DATA 605 Week 11
Introduction
As part of the Fundamentals of Computational Mathematics course work at the CUNY School of Professional Studies, we needed to complete a simple linear regression of data of our choice. I have selected to look at the relationship between the total arcade revenue and the number of PhD computer science graduates.
Data Acquisition
The data was scraped from Tyler Vigen’s site. The total revenue from arcades is originally from the U.S. Census Bureau.

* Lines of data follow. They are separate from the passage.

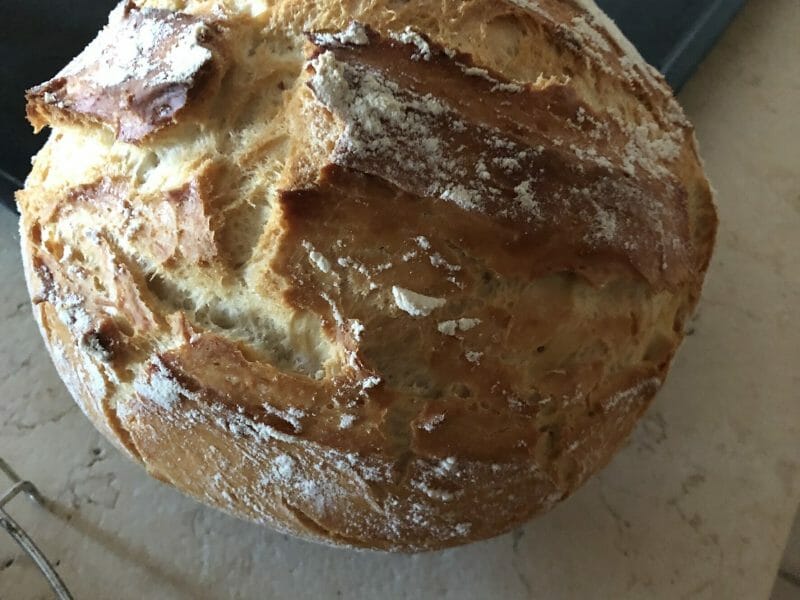 Cliquez pour zoomer ! Pain Cocotte Thermomix par sophie_552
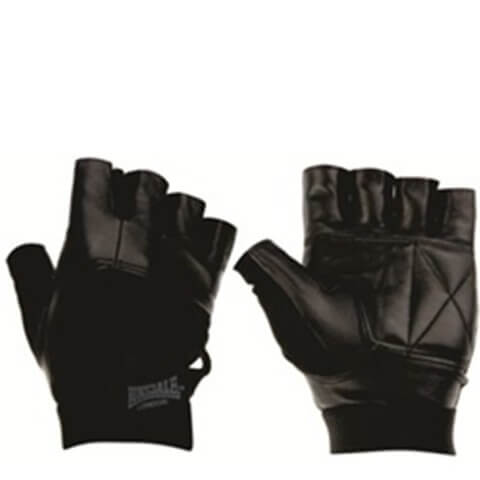 Lonsdale Leather Weight Lifting Gloves,  Black  Medium 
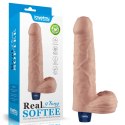 9" REAL SOFTEE Rechargeable TPE Vibrating Dildo(Flesh) Lovetoy
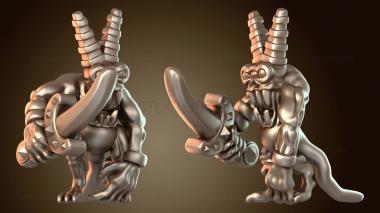 3D модель Большой Пламенный Демон (STL)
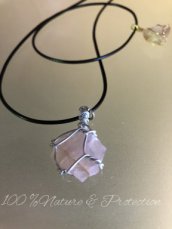 Pendentif Quartz Rose Pure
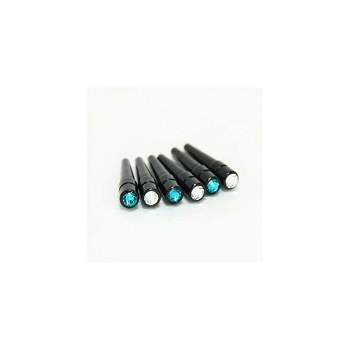 Swarovski Austrian Crystal Cribbage Pegs in Assorted Colors - Set of 6 Black Metal Pegs Included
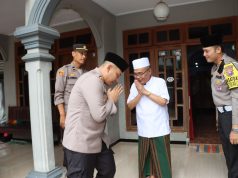 Sinergitas Wujudkan Pemilu Damai Kapolres Tulungagung Silaturahmi ke Ketua MUI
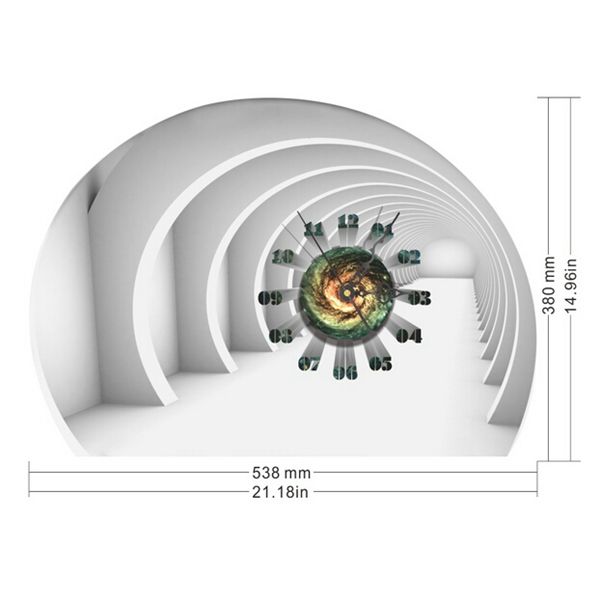 DIYDecalClockTunnel3DWallStickersClock3DArtWallClockHomeDecor-996396-2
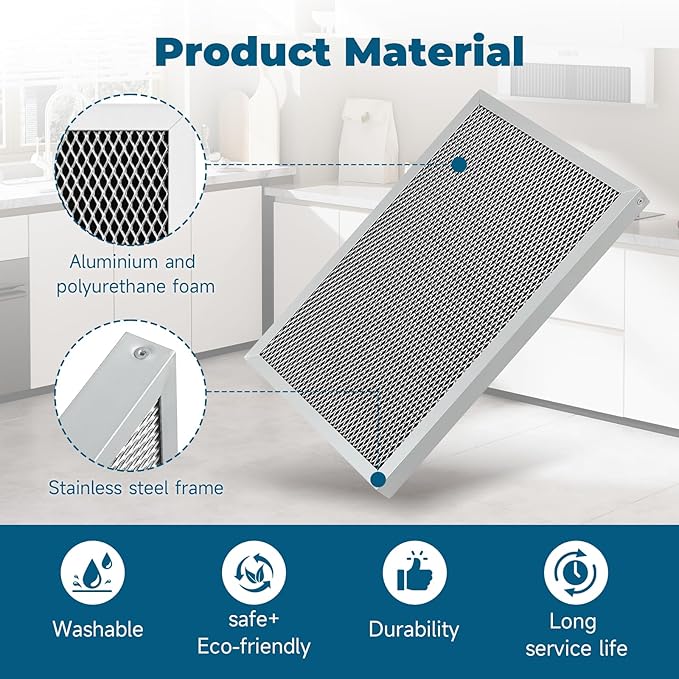 2-Packs 5695 Washable MERV 8 Dehumidifier Filter 8x12x1 Compatible with AprilAire Whole-House Models 1820 1820Z E070 E070KZ E070KZM E070N E070T E070Z Replacement Filter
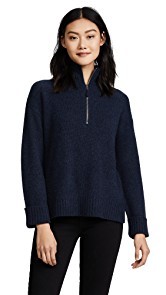 360 SWEATER Essence Half Zip Cashmere Sweater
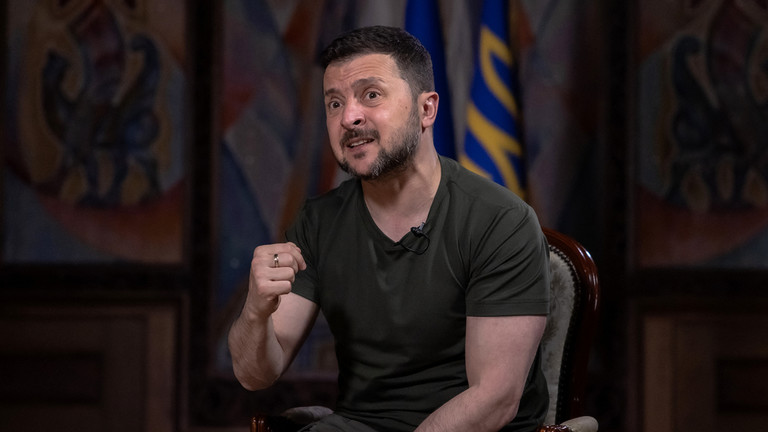 Zelensky blasts West for wanting conflict to end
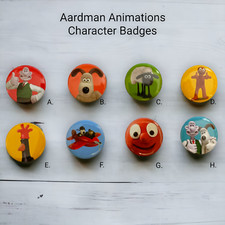 Aardman Button Badges Wallace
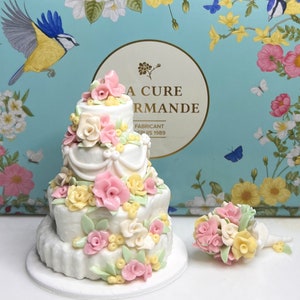 Pastel de bodas a escala 1:6 PARA muñecas Blythe o muñecas de 12 pulgadas o muñecas Byers.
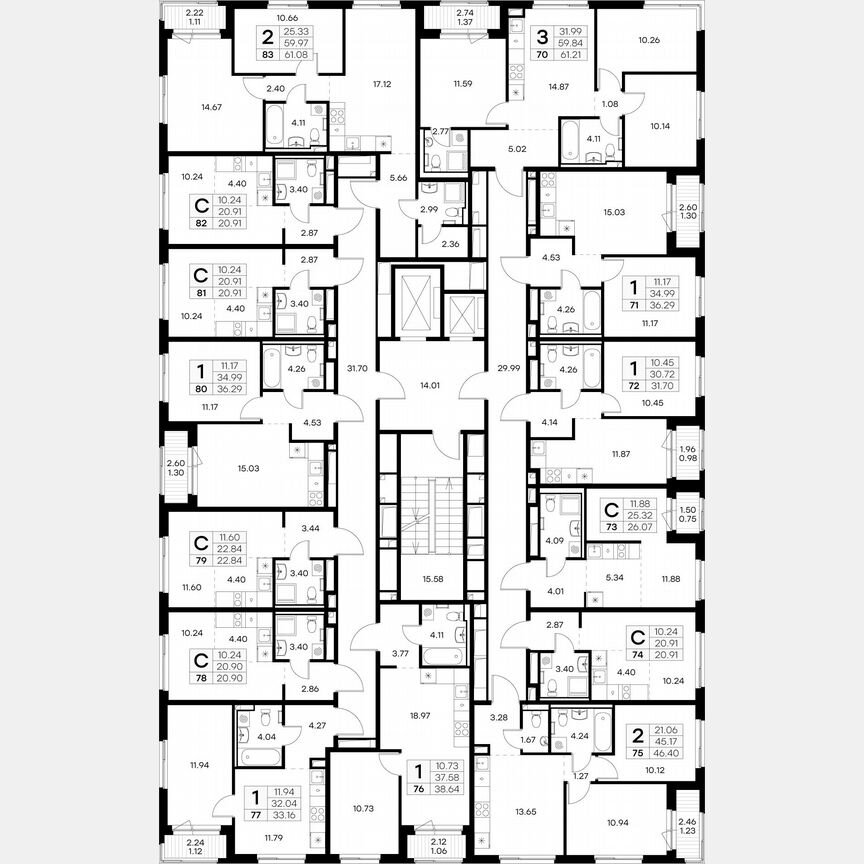 1-к. квартира, 33,2 м², 6/12 эт.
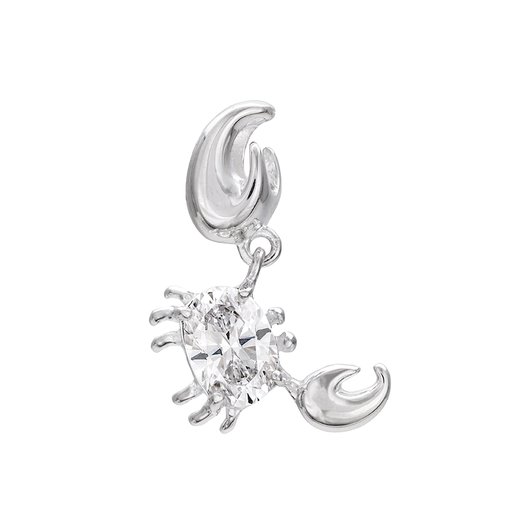 Hängsmycke i äkta silver med en krabba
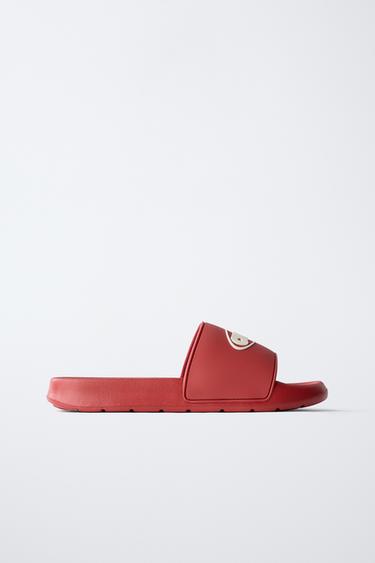 Zara POOL SLIDES - Red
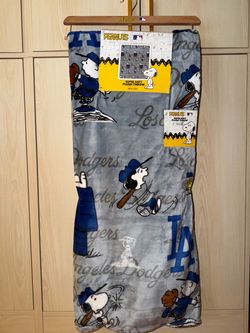 NEW LA Dodgers x Peanuts Snoopy Plush Blanket 60x70 💙⚾️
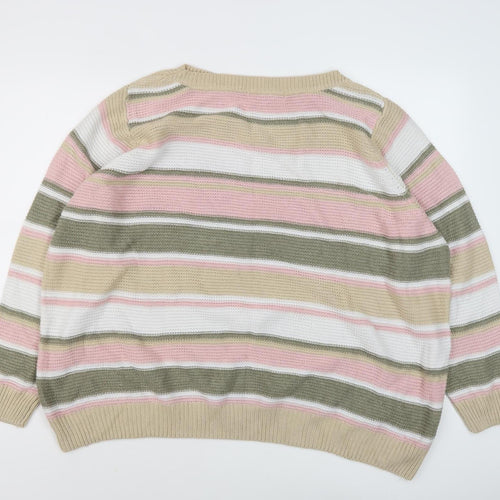 Julipa Women's Multicoloured Striped Pullover Jumper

The computer science PhD’s originally came from the National Science foundation.
library(rvest)
library(stringr)
library(dplyr)
library(tidyr)
library(tibble)
df <- read_html("http://www.tylervigen.com/view_correlation?id=97") %>%
html_nodes(xpath = "//table[@class='alldata']") %>%
html_table(fill = TRUE) %>%
as.data.frame() %>%
select(-X12) %>% # Drop empty column
slice(1:3) %>% # Keep the first 3 rows
mutate(X1 = ifelse(X1 == "", "Year", str_extract(X1, "(.*?)\\s?\\(.*?\\)"))) %>% # Cleanup first column
mutate(X1 = str_remove(X1, " \\(.*\\)")) %>% # More first column cleanup
mutate(X1 = str_replace_all(X1, " ", ".")) %>% # Last bit of first column cleanup
rownames_to_column %>% # Transpose dataframe
gather(var, value, -rowname) %>%
spread(rowname, value) %>%
select(-var) # Drop unneeded column
# Pull name from first row
names(df) <- df[1,]
df <- df %>%
slice(2:11) %>% # Drop first row
mutate(Total.revenue.generated.by.arcades = gsub(",", "", Total.revenue.generated.by.arcades)) %>% # Remove the commas
mutate(Computer.science.doctorates.awarded = gsub(",", "", Computer.science.doctorates.awarded)) %>% # Remove the commas
mutate_if(is.character, as.numeric) # Convert to numeric
The end result is the following data
Year | Total Revenue Generated by Arcades | Computer Science Doctorates Awarded |
---|---|---|
2008 | 1803 | 1787 |
2009 | 1734 | 1611 |
2000 | 1196 | 861 |
2001 | 1176 | 830 |
2002 | 1269 | 809 |
2003 | 1240 | 867 |
2004 | 1307 | 948 |
2005 | 1435 | 1129 |
2006 | 1601 | 1453 |
2007 | 1654 | 1656 |
Model Building
Now that the data is cleaned up we will fit a line to the data
model <- lm(Total.revenue.generated.by.arcades ~ Computer.science.doctorates.awarded, data = df)
Model Evaluation
summary(model)
Call:
lm(formula = Total.revenue.generated.by.arcades ~ Computer.science.doctorates.awarded,
data = df)
Residuals:
Min 1Q Median 3Q Max
-63.513 -35.320 6.046 28.183 58.719
Coefficients:
Estimate Std. Error t value Pr(>|t|)
(Intercept) 725.80591 46.30027 15.68 2.74e-07
Computer.science.doctorates.awarded 0.59886 0.03701 16.18 2.14e-07
(Intercept) ***
Computer.science.doctorates.awarded ***
---
Signif. codes: 0 '***' 0.001 '**' 0.01 '*' 0.05 '.' 0.1 ' ' 1
Residual standard error: 43.31 on 8 degrees of freedom
Multiple R-squared: 0.9704, Adjusted R-squared: 0.9666
F-statistic: 261.8 on 1 and 8 DF, p-value: 2.138e-07
Residual Analysis
plot(model)
Conclusion
This model explains almost all of the variablitiy. The R-squared is about 0.97. The residual plots do not raise any concern. The Q-Q is fairly linear. The coefficients are statistically significant. The only problem with this model is that the relationship is a spurious correlations.